State officials select School of Public Health experts to guide biomonitoring program
September 12, 2007
With four environmental health experts recently appointed to a nine-person Scientific Guidance Panel, the UC Berkeley School of Public Health is poised to make a strong contribution to the California Environmental Contaminant Biomonitoring Program, which monitors the presence and concentration of designated chemicals in Californians.
Governor Arnold Schwarzenegger appointed Thomas McKone, adjunct professor of environmental health sciences, to the panel in late August. McKone’s research interests include risk assessment methods, health tracking, and environmental and occupational radioactivity. He has worked at the Lawrence Berkeley National Laboratory since 1996, where he currently holds the positions of acting department head and senior scientist. McKone is also working with the U.S. Environmental Protection Agency and the National Academy of Science to evaluate the health impacts of industrial releases into the air, water, and soil.
Schwarzenegger also appointed Asa Bradman, associate director for the Center for the Health Assessment of Mothers and Children of Salinas (CHAMACOS), to the panel last month. Bradman focuses on environmental exposures to pregnant women and young children. At CHAMACOS, he helps direct multiple biomonitoring and exposure studies investigating the relationship of environmental exposures and health in children living in the Salinas Valley, California. Bradman is also a member of the International Society for Exposure Analysis and the American Public Health Association. He serves on the Scientific Advisory Council for the National Center for Healthy Homes and the California Childcare Health Program Advisory Board.
On August 31, California Assembly Speaker Fabian Núñez (D-Los Angeles) announced the appointment of Michael Wilson, assistant research scientist at the Center for Occupational and Environmental Health, to the panel.

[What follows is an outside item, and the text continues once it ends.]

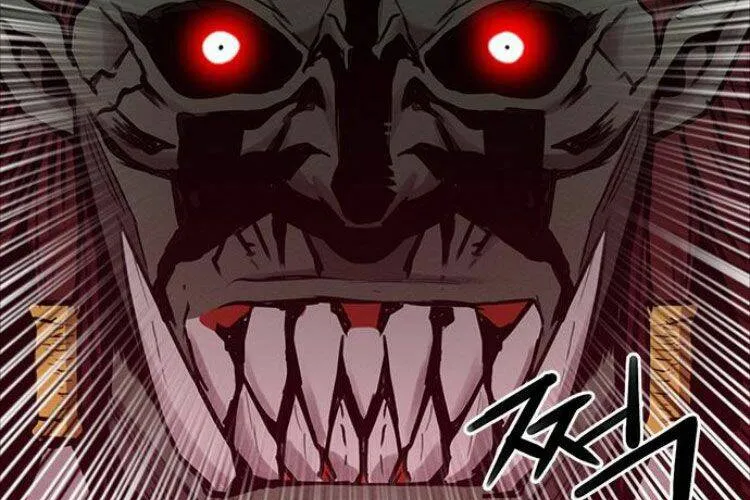 Druid Tại Ga Seoul - Người Hóa Thú Chap 30 - Next Chap 31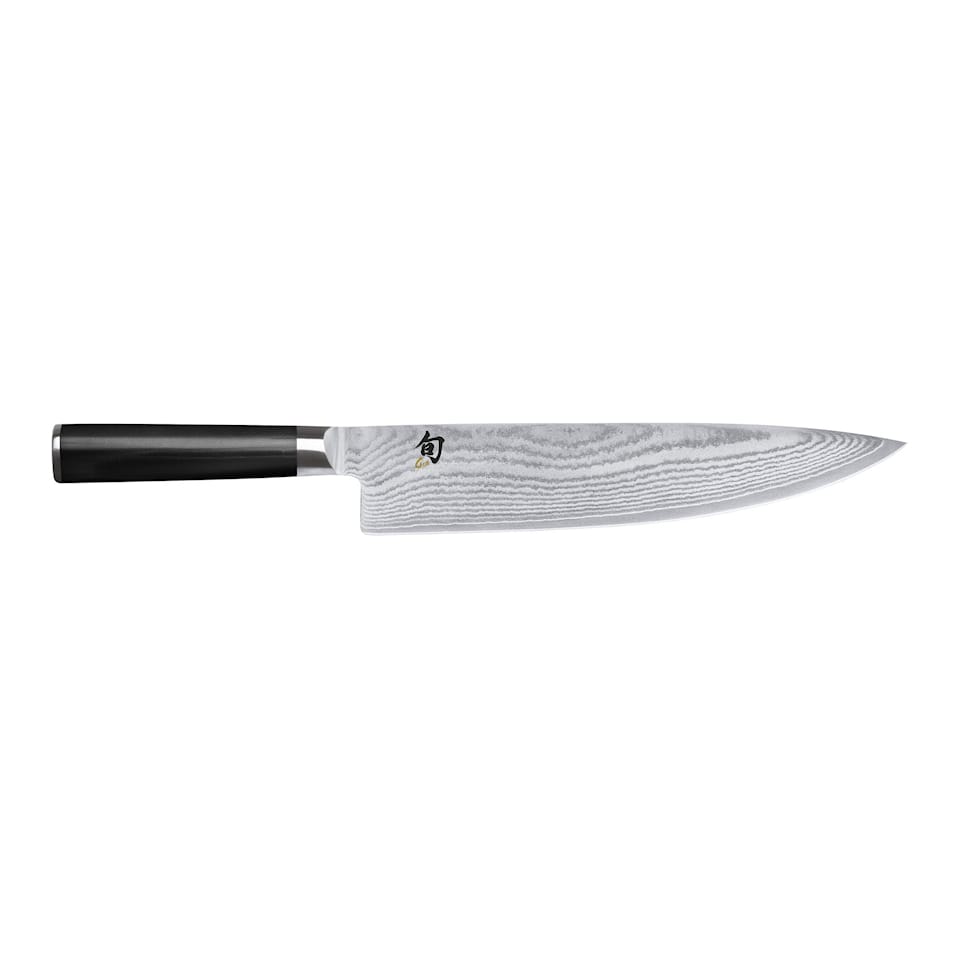SHUN CLASSIC Kokkekniv 25,5 cm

Wilson researches and practices in the areas of chemicals policy and occupational health and safety. In his doctoral research, Wilson obtained the first worker exposure data to volatile organic compounds in the vehicle repair industry, which shed light on exposures related to the first-reported cases of hexane-induced peripheral neuropathy in this industry. His work illuminated larger policy challenges facing California and the United States regarding the design, use, and regulation of chemicals in processes and products.

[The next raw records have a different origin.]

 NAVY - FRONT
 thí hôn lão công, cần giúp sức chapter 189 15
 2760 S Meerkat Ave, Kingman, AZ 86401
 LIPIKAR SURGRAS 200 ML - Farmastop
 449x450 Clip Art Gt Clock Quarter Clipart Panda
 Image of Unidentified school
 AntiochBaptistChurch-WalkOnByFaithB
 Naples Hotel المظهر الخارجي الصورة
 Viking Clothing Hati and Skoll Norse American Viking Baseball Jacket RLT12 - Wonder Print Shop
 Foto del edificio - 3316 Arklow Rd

Richard Jackson, adjunct professor of environmental health sciences and health policy & management, was appointed to the Scientific Guidance Panel by California State Senate President Pro Tem Don Perata (D-Oakland) in early July. Jackson’s research interests include health policy as it is shaped by housing, transportation, agricultural, environmental, and economic policy and specific effects of toxic chemicals on health, especially that of children. Jackson, a pediatrician, is on the board of directors of the American Institute of Architects. He also recently became the academic lead for the School of Public Health’s Dr.P.H. Program.

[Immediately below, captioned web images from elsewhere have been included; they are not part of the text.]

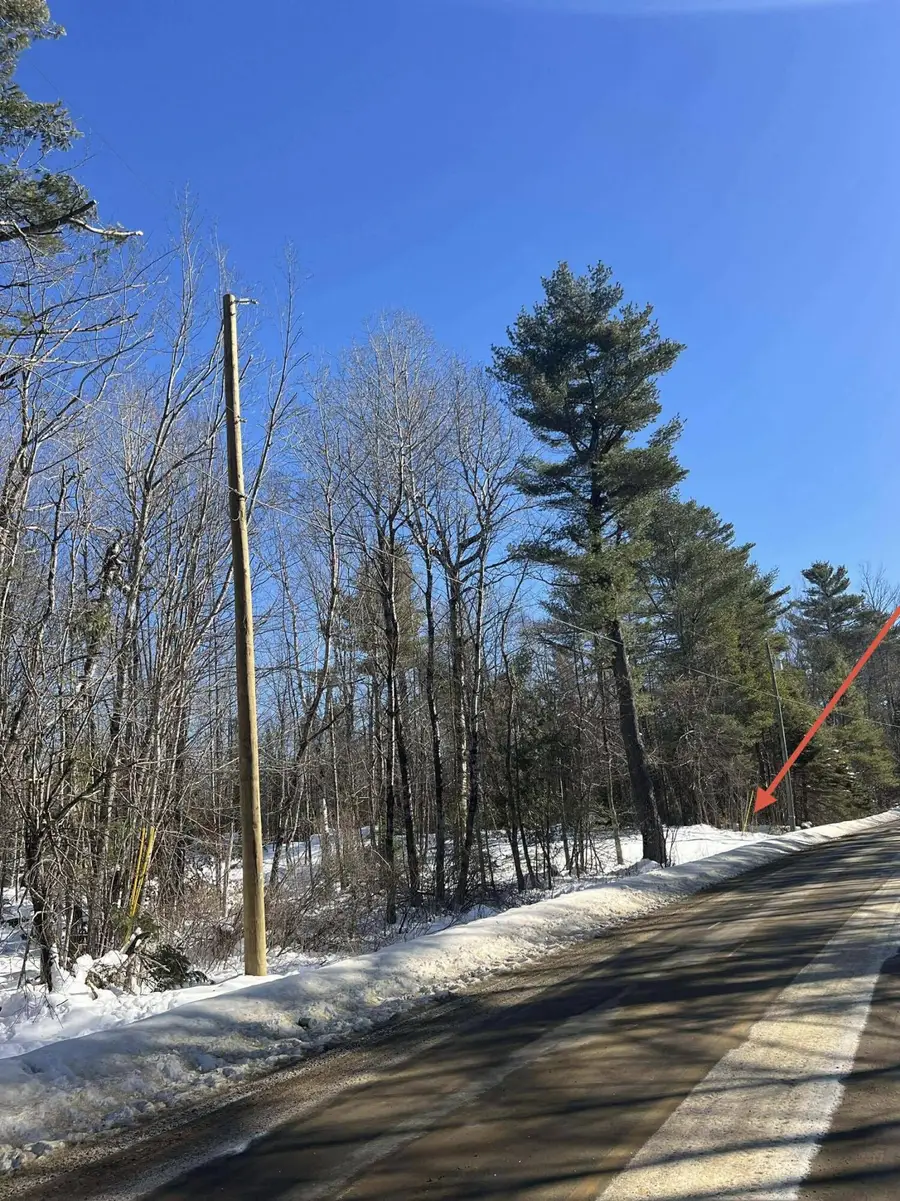 Lot 10 Albion Road, Freedom, ME 04941 - Image #2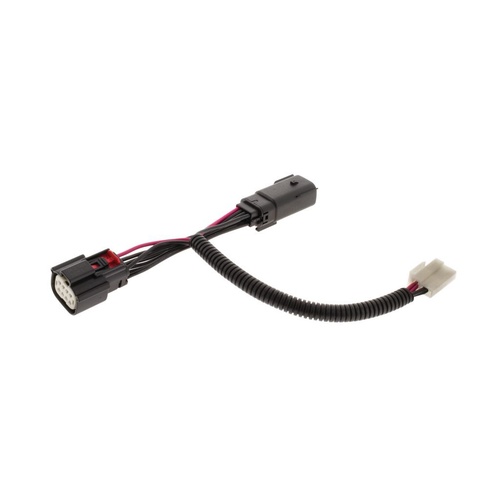 FORD RANGER MAZDA BT50 2006&gt; HEADLIGHT PATCH HARNESS SUITS IWH001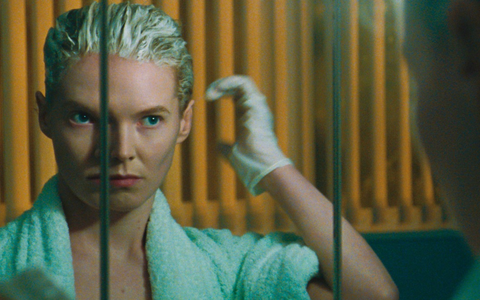 rbb QUEER zeigt ab 18. Juli wieder großes Kino - Foto: presseportal.de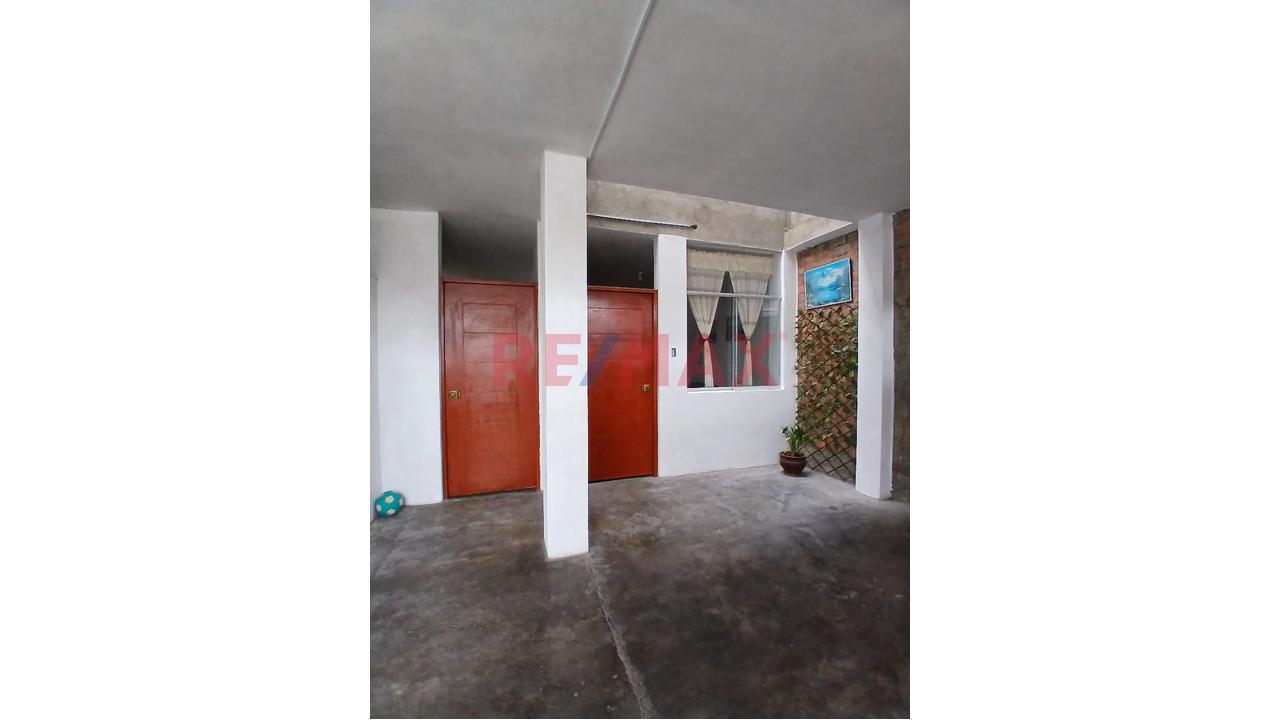 ¡Tu Nuevo Hogar Te Espera! Departamento En Venta (99.40 M2) 2 Dormitorios | Villa El Salvador — foto 5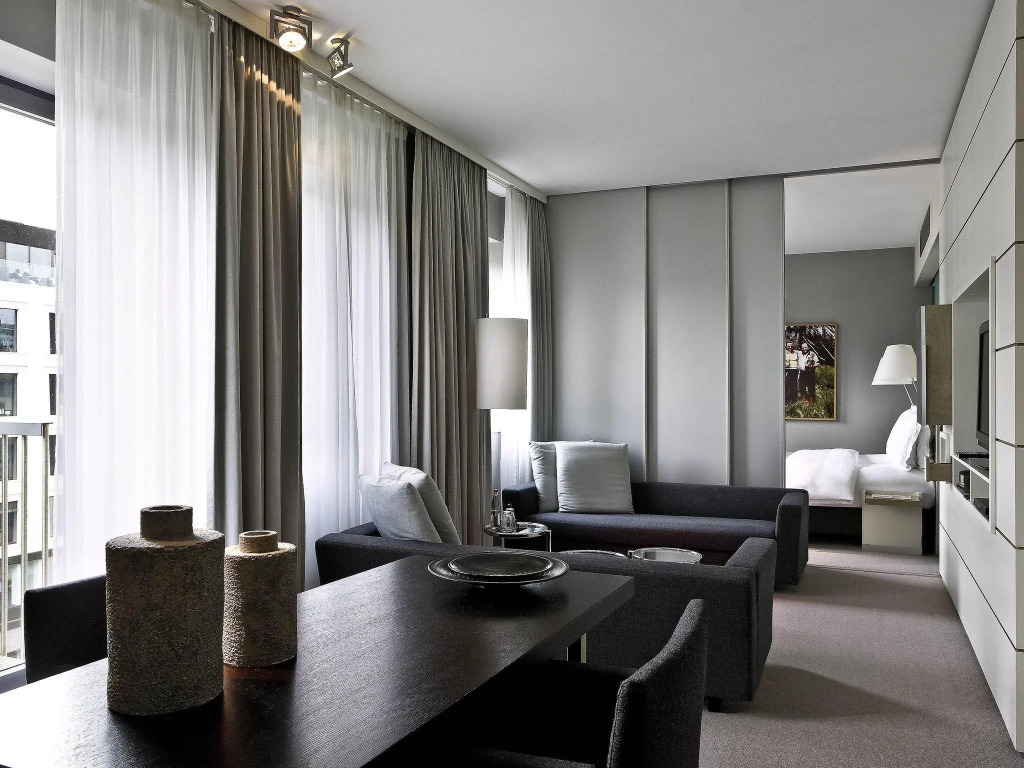 Sofitel Hamburg Alter Wall
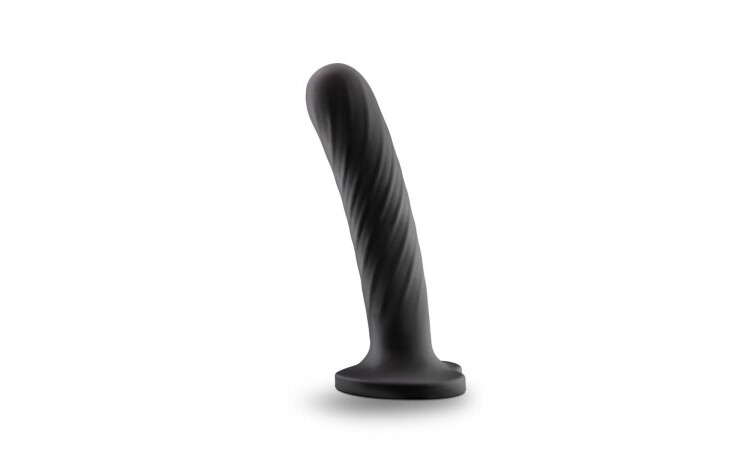 Temptasia - Twist Dildo - Medium - Image 1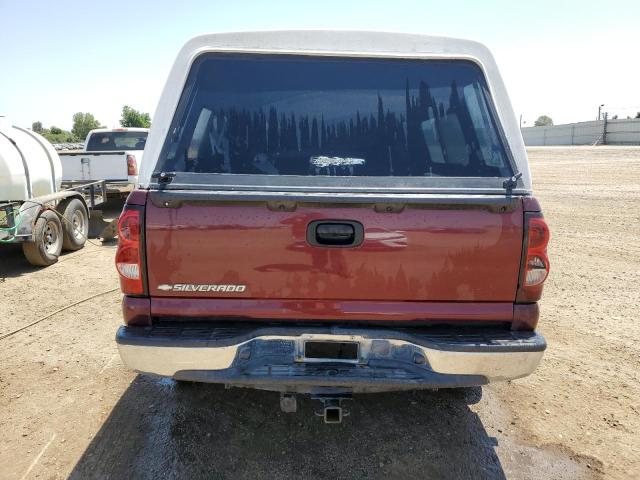 Photo 6 from auction – 2000 CHEVROLET SILVERADO with VIN 2GCEC19TXY1362594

The Scientific Guidance Panel assists the Department of Health Services and California Environmental Protections Agency by providing scientific peer reviews and making recommendations regarding the design and implementation of the biomonitoring program that will provide data to help scientists, researchers, public health personnel, and community members explore linkages between chemical exposures and health. The recently created California program is the first of its kind in the nation.